Mary Louder:Okay. And so immune-mediated could mean that it's not, like you said the seronegative, or meaning your labs are normal, or low nor--barely elevated in rheumatoid factor and anti nuclear antibody and things like that. And those are the folks that come and see me all the time. My labs are sorta normal, I have this joint pain or I have these conditions, and no one seems to know what's going on. And that, you know, creates this conundrum. And the other, you know, the other is sometimes it's just straightforward. I think of like Lindsey Vonn. I love her as a skier and amaz--I could never go that fast going down a hill, you know?
Blake Miller:Oh, I get it!
Mary Louder:And oh my gosh. But you know, her, she has had literal crashes, and she's set for a knee replacement coming this spring. And that, you know, I mean, is that just mechanical, because she just had so many fractures and things like that, most likely so.
Blake Miller:Yes.
Mary Louder:And she looks by her diet, nearly gluten free, I have to say, and gluten-dairy.
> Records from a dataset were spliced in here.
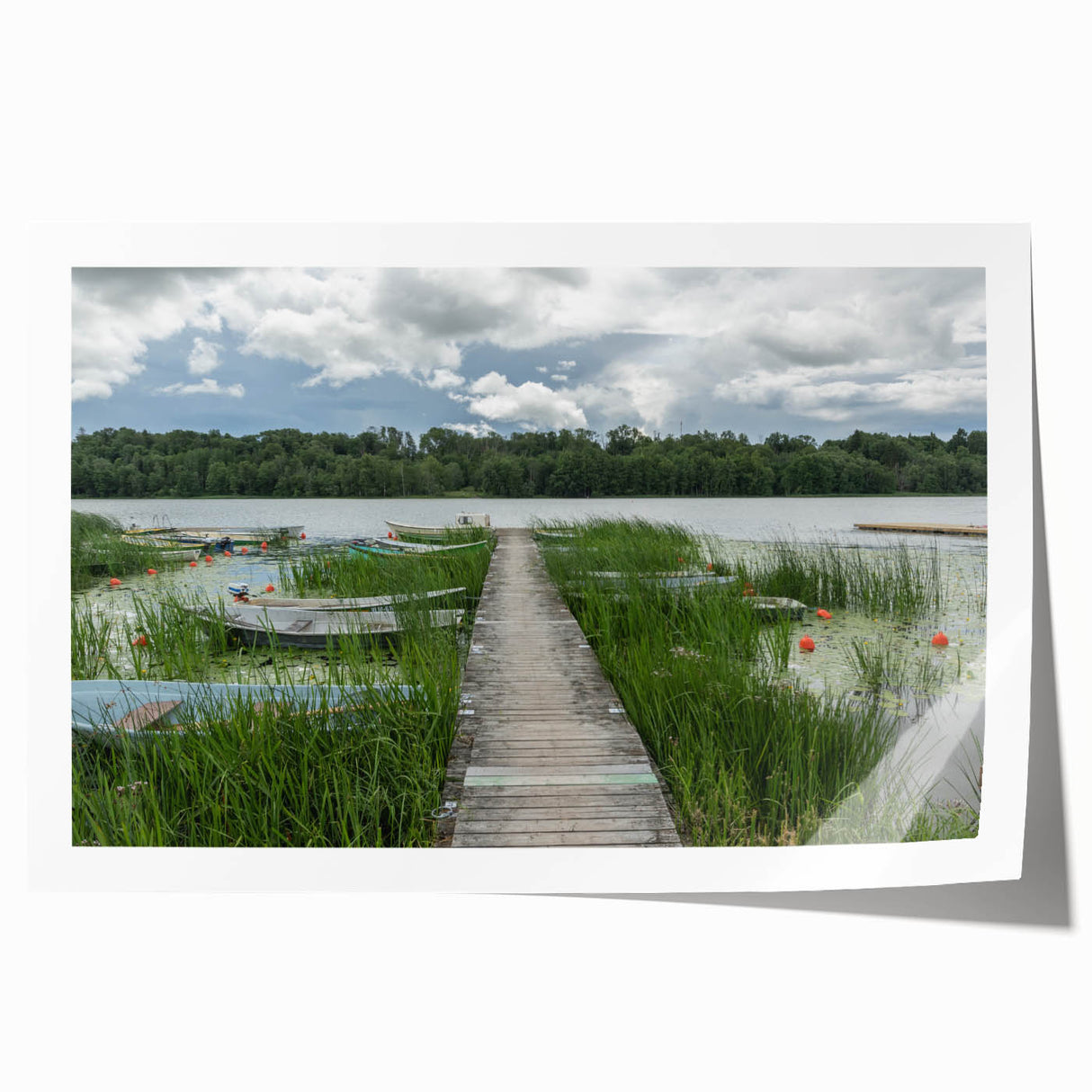 Extra large rolled print depicting a serene Estonian landscape with vibrant greenery and a calm lake.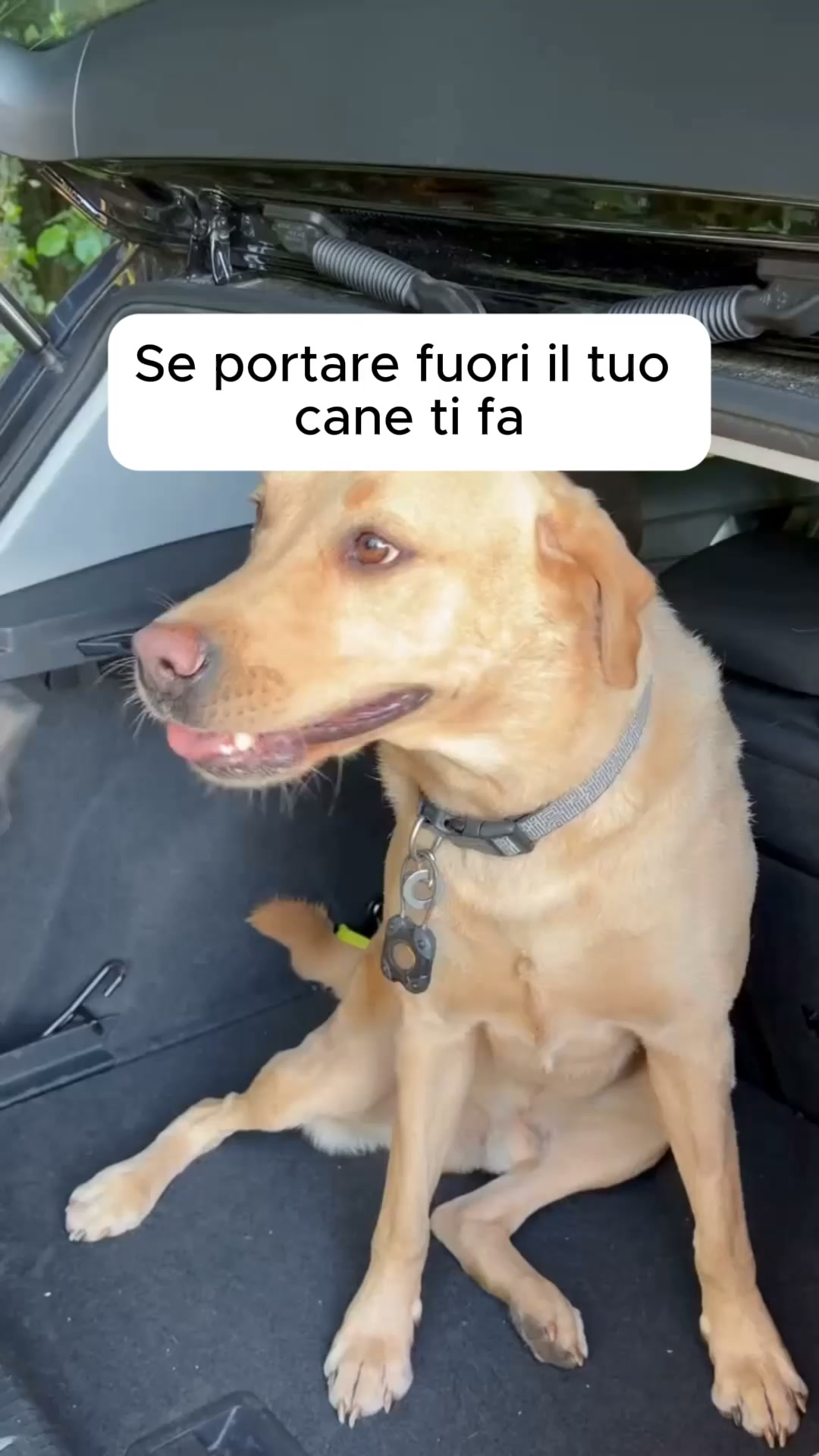 Il tuo cane non può smettere di tirare. Ecco perché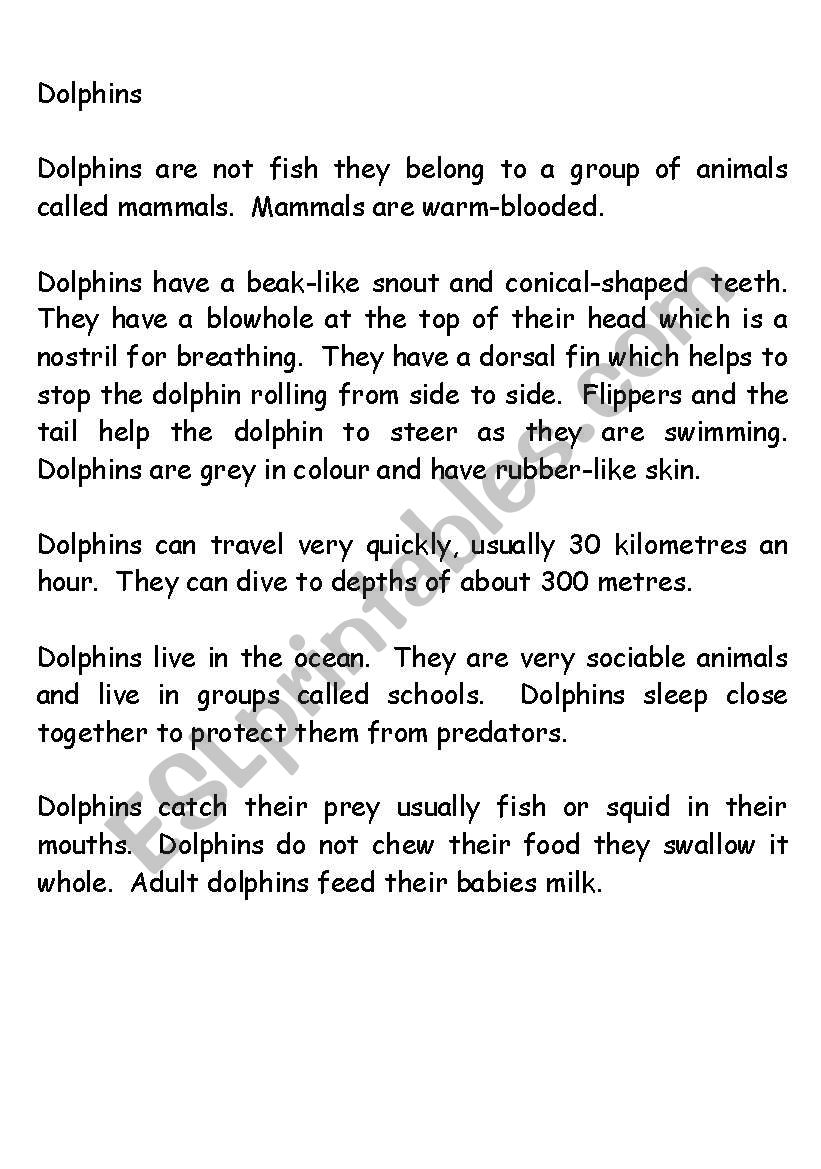 Information Report Booklet on Dolphins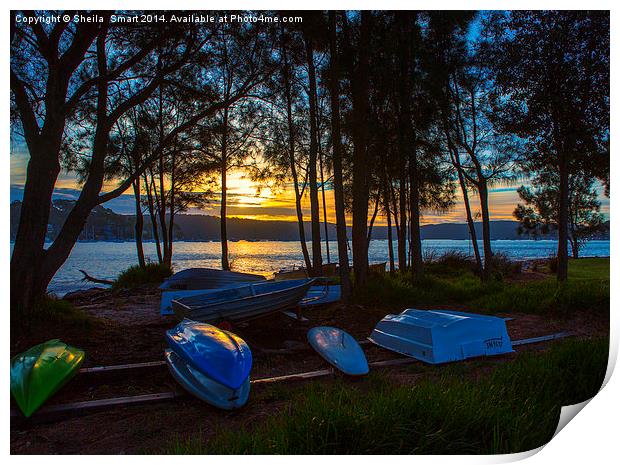 Dinghies at sunset, Pittwater Print by Sheila Smart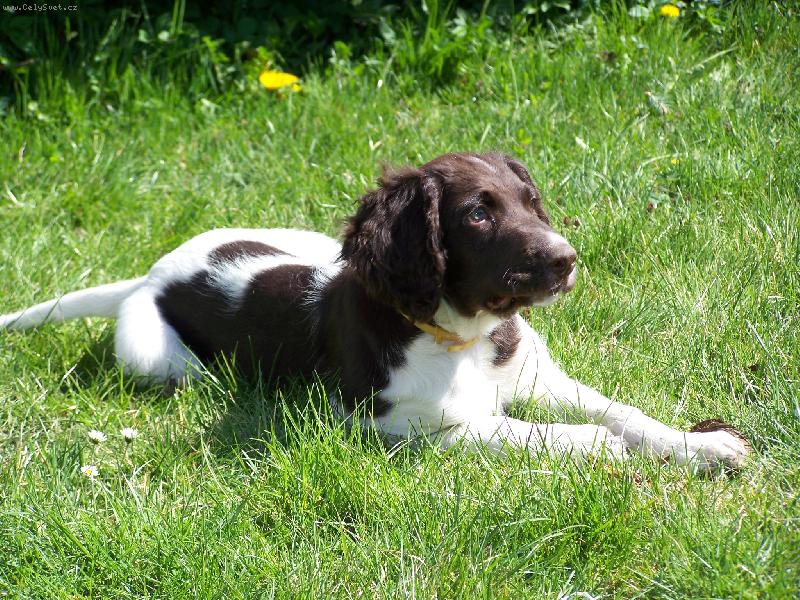 Foto: Atos - 5 měsíců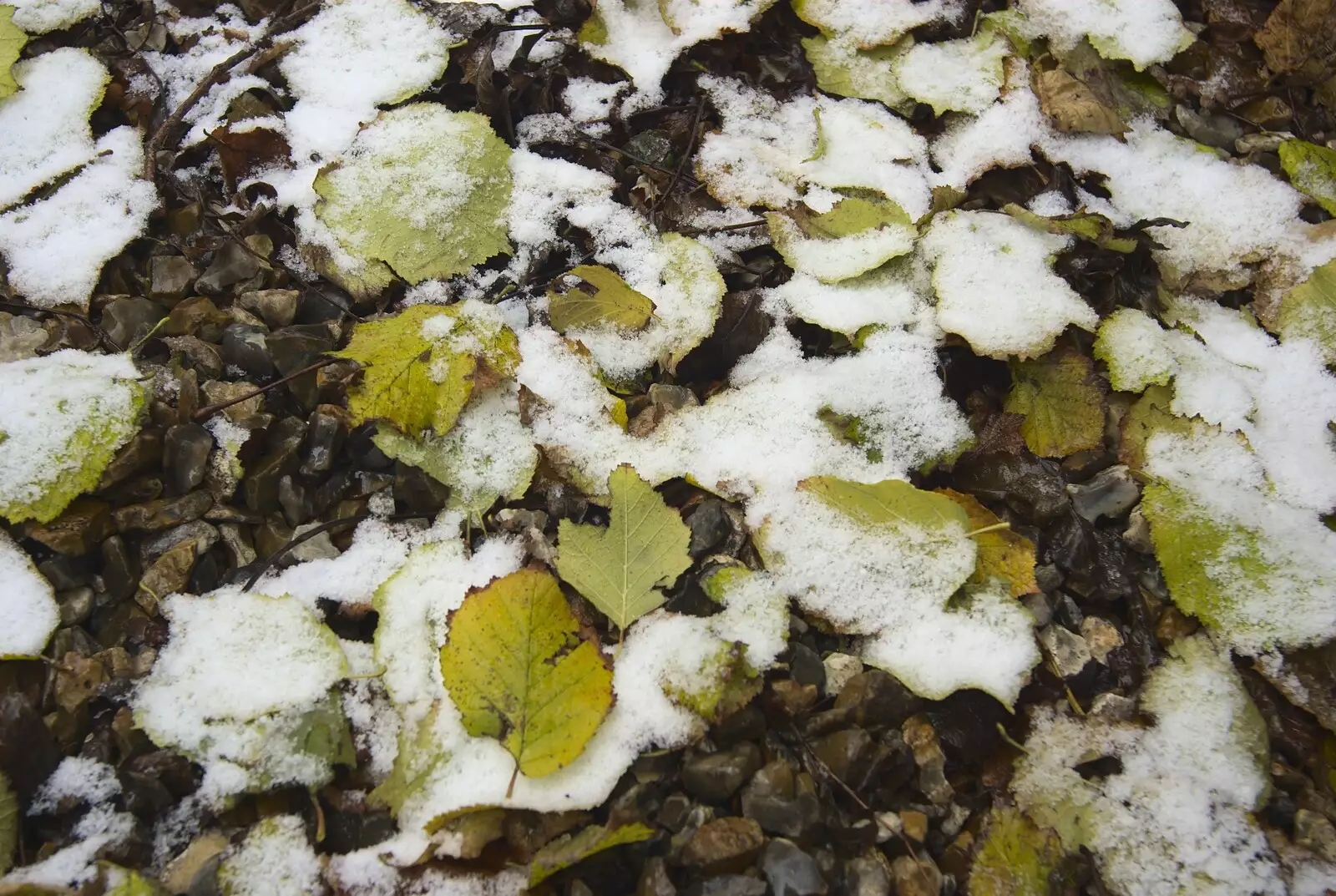 Snow on leaves, from Apple Pressing and Amandine's Jazz, Diss, Norfolk - 21st November 2010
She's, she's an amazing, still amazing elite athlete.
Blake Miller:Yes.
Mary Louder:Yeah.
Blake Miller:Yeah. And that's the thing. It's like, you look at some of these athletes, and they, they're, they're workhorses. And these, these athletes, they have a team of people that are keeping them healthy. And so you have to think that her joint issues are--your body's not designed to do that. You know, these, you look at these elite athletes, and they're elite for a reason. But, I mean, we would see, we saw a couple of professional or, you know, retired professional football players when I was in residency, and we would see, you know, some of these professional athletes, and let's take Kobe Bryant for, for an example. He's, you know, 40, he had multiple injections over in Europe to, to for this arthritis that was developing in his knees, your, your joints are not designed to play 82 games, you know, 40 minutes a night, sometimes longer and, you know, for 20 years. It's just not, they're just not made for that. And I think that if you have those people that can do that are genetically lucky. But again, your body is going--that's that is just a lot of a lot of stress on your joints. And these--I mean, he's a huge man, he's 6', 6'-8", and probably 230 pounds, that you're just gonna break down at some point.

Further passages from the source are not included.